I think we have barely scratched the surface of post-trained inference/generative model inference efficiency.
A uniquely efficient hardware stack, for either training or inference, would be a great moat in an industry that seems to offer few moats.
I keep waiting to here of more adoption of Cerebras Systems' wafer-scale chips. They may be held back by not offering the full hardware stack, i.e. their own data centers optimized around wafer-scale compute units. (They do partner with AWS, as a third party provider, in competition with AWS own silicon.)
Re: cerebras, they filed a S1 [1] last year when attempting to go public. It showed something like a $60M+ loss for the first 6 months of 2024. The IPO didn’t happen because the CEO’s past included some financial missteps and the banks didn’t want to deal with this. At the time the majority of their revenue came from a single source in Abu Dhabi, as well. They did end up benefiting by the slew of open source model releases which enabled them to become inference providers via APIs rather than needing to provide the full stack for training.
[1] https://www.sec.gov/Archives/edgar/data/2021728/000162828024...
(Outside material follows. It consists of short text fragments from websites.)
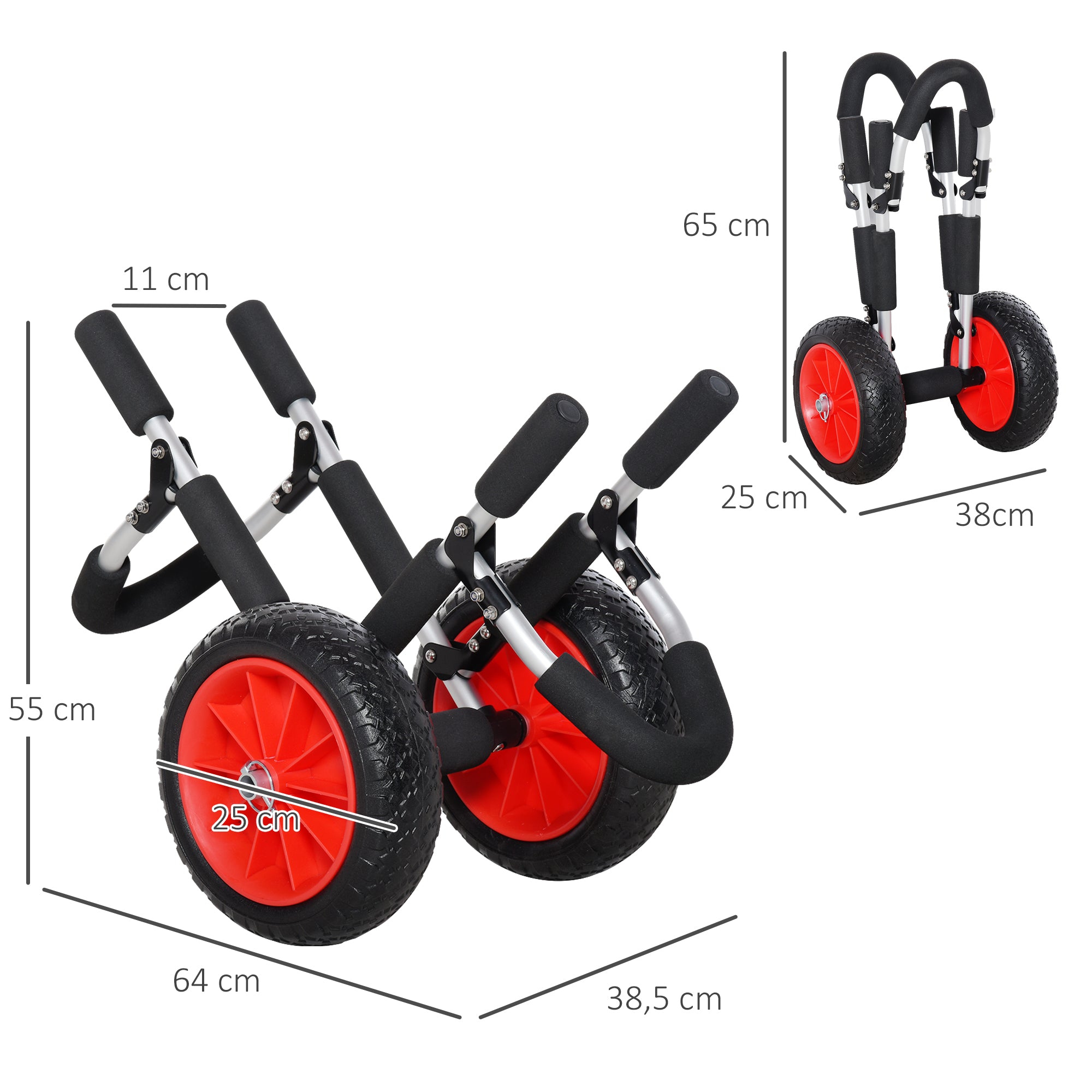 HOMCOM Surfwagen klappbar bis 45 kg AluTransportwagen Kajakwagen klappbar gepolstert Kunstleder-Reifen Bootswagen Surfwagen Bootstrailer Trolley für Surfbrett Board Schlauchboot
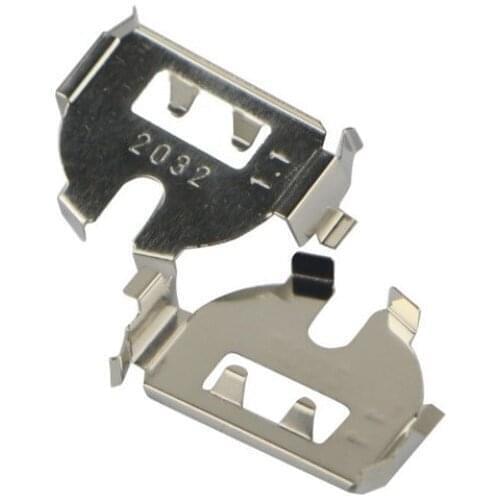 100pcs/lot Nickel Plated Phosphor Bronze Coin Cell CR2032 Battery Holder, CR2032 Battery Retainer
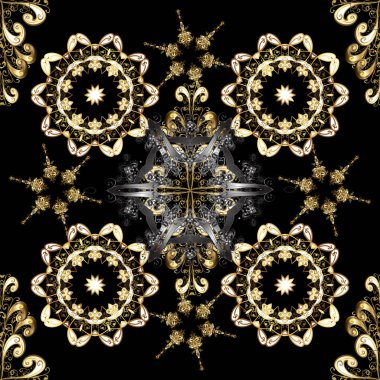 Kına dövme, altın çıkartmalar, tasarım, mehndi ve yoga ile süs çiçek öğeleri kartları ve yazdırır. Siyah renk desen. Vektör altın mehndi seamless modeli.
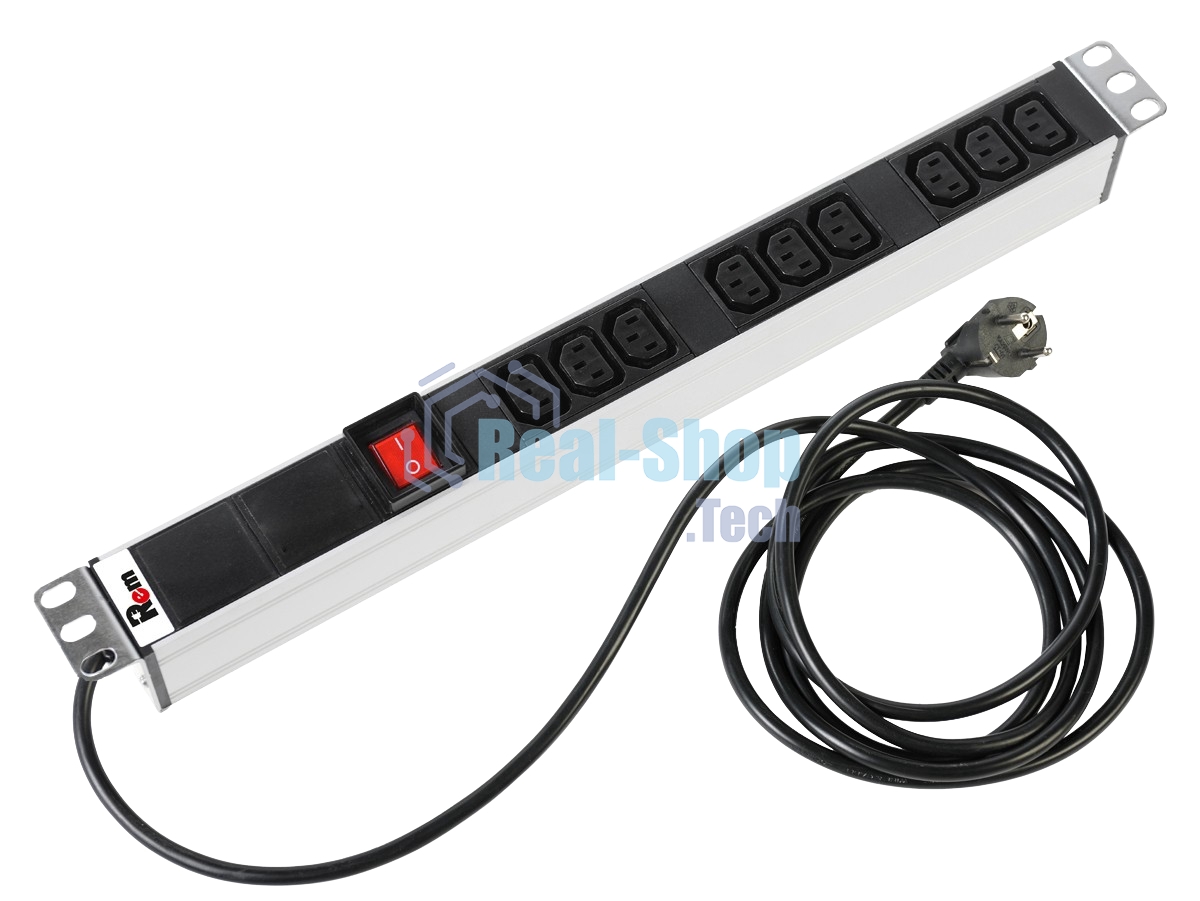 Аксессуар ЦМО Блок розеток Rem-16 с выкл., 9 IEC 60320 C13, 16A, алюм., 19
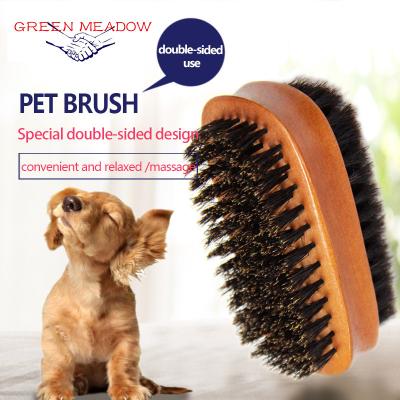 China Double Stocked Reusable Bamboo Wooden Cleaning Brush Pet Flea Lice Remover Cat Massager Comb for sale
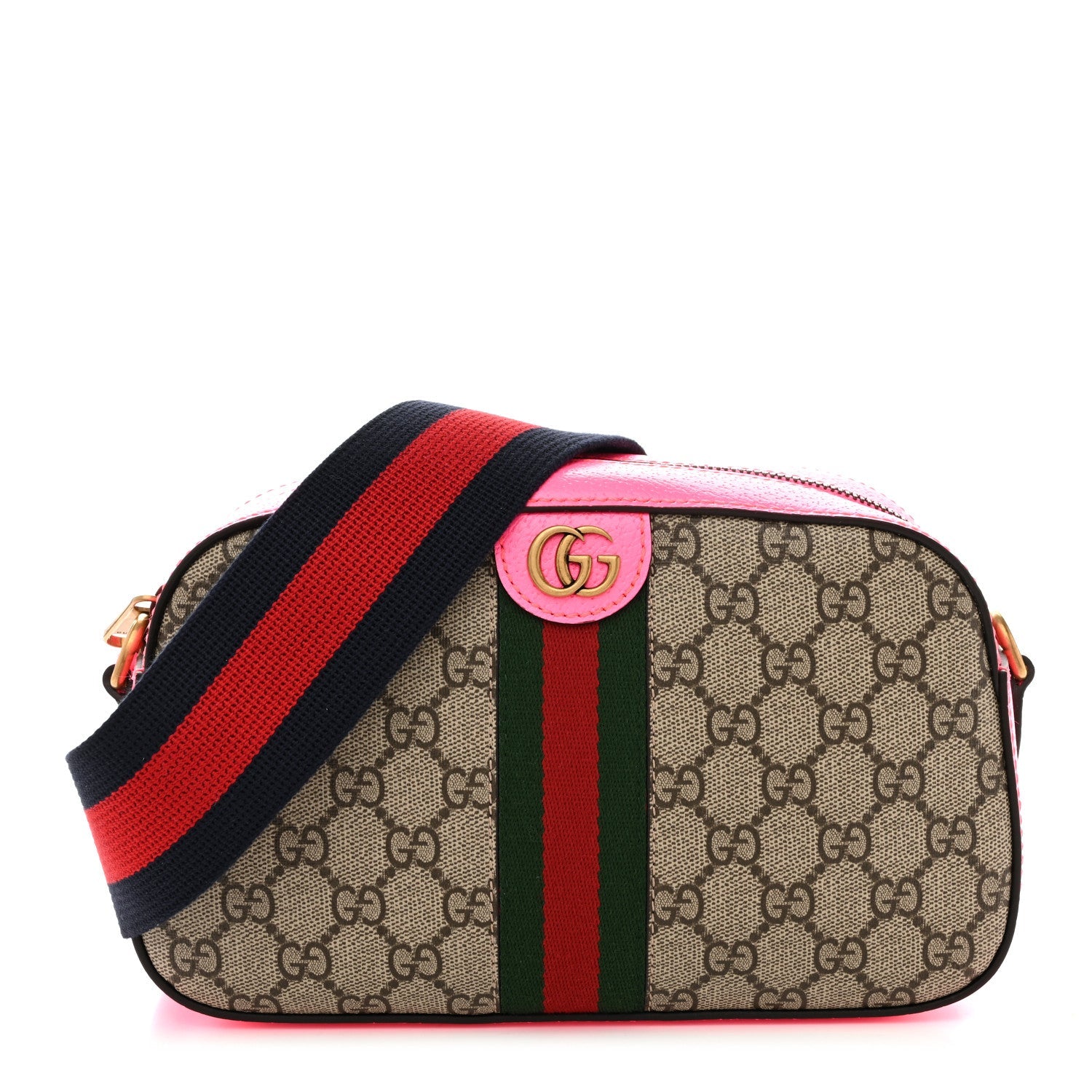 Gucci GG Supreme Monogram Textured Dollar Calfskin Web Ophidia Small Crossbody Bag Beige Ebony Fuchsia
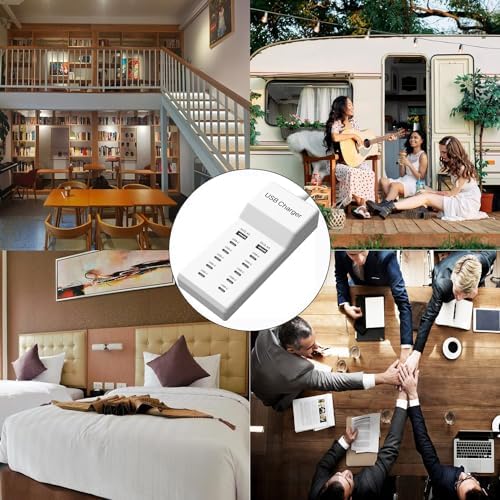 Ultimate 12-Port USB C Charging Station – 60 W Multi-Device Power Hub with 10 USB-C and 2 USB-A Ports for Fast Charging of i Phone, i Pad, Samsung, Google Pixel, Smartwatches, and Headphones – Compact Design for Home, Office, or Travel – Smart Technology for Optimal Power Delivery and Enhanced Compatibility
Google is already there with TPUs. The reason they can add AI to every single google search is not just that Google has near-infinite cash, but also that inference costs far less for Google than anyone else.
> would be a great moat
I hope we never find good moats. I hope that progress in AI is never bottlenecked on technology that centralizes control over the ecosystem to one or a handful of vendors. I want to be able to run the models myself and train them myself. I don't want to be beholden to one company because they managed to hire up all the people building fancy optical chips and kept the research for themselves.